High-speed train (HST) scenarios are expected to be typical scenarios for sixth-generation (6G) wireless communication systems. Due to the high cost, complexity, and time consumption of high-speed measurement campaigns, this particular environment poses challenges for performance measurements. Furthermore, it is not possible to perform repeatable measurements in a controlled high-speed environment in most cases. Using proposed methods of time-stretching the transmit signals, fortunately, such experiments can be emulated at lower velocities by inducing effects caused by highly time-varying channels. Therefore, the cost and complexity of high-speed measurement campaigns are considerably decreased. Foremost, this thesis considers the problem of unequal channel estimation quality between proposed time-stretching methods.
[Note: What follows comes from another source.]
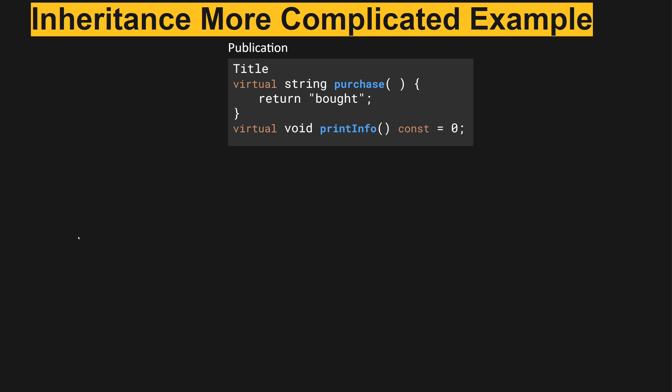Move on to a slightly more complicated example using a publication model. We have a publication class that has a title, and virtual string purchases will return bought when it's executed. And then we have a pure virtual method called print info that must be implemented by all the children.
This is an auxiliary unwanted side effect of proposed time-stretching methods. To ensure a fair comparison between resamplingand insertion-based time-stretching methods, I adapt the pilot-based channel estimation scheme within the time-stretching method. Besides the unequal channel estimation quality, I consider the problem of significantly increased Peak-to-Average Power Ratio (PAPR) in time-stretching methods. To solve this problem, I apply strategies to reduce the PAPR. Thereby, time-stretching methods can be used more efficiently in practical communication systems. In addition, this thesis investigates the applicability of the proposed time-stretching methods for 6G candidate waveforms. Evaluation is performed by simulations in high-speed environment scenarios. More specifically, I compare the performance of proposed methods by employing waveform candidates proposed for 6G wireless communication systems, such as Orthogonal Frequency Division Multiplexing (OFDM), Filter Bank Multi-carrier (FBMC), and Universal Filtered Multi-carrier (UFMC).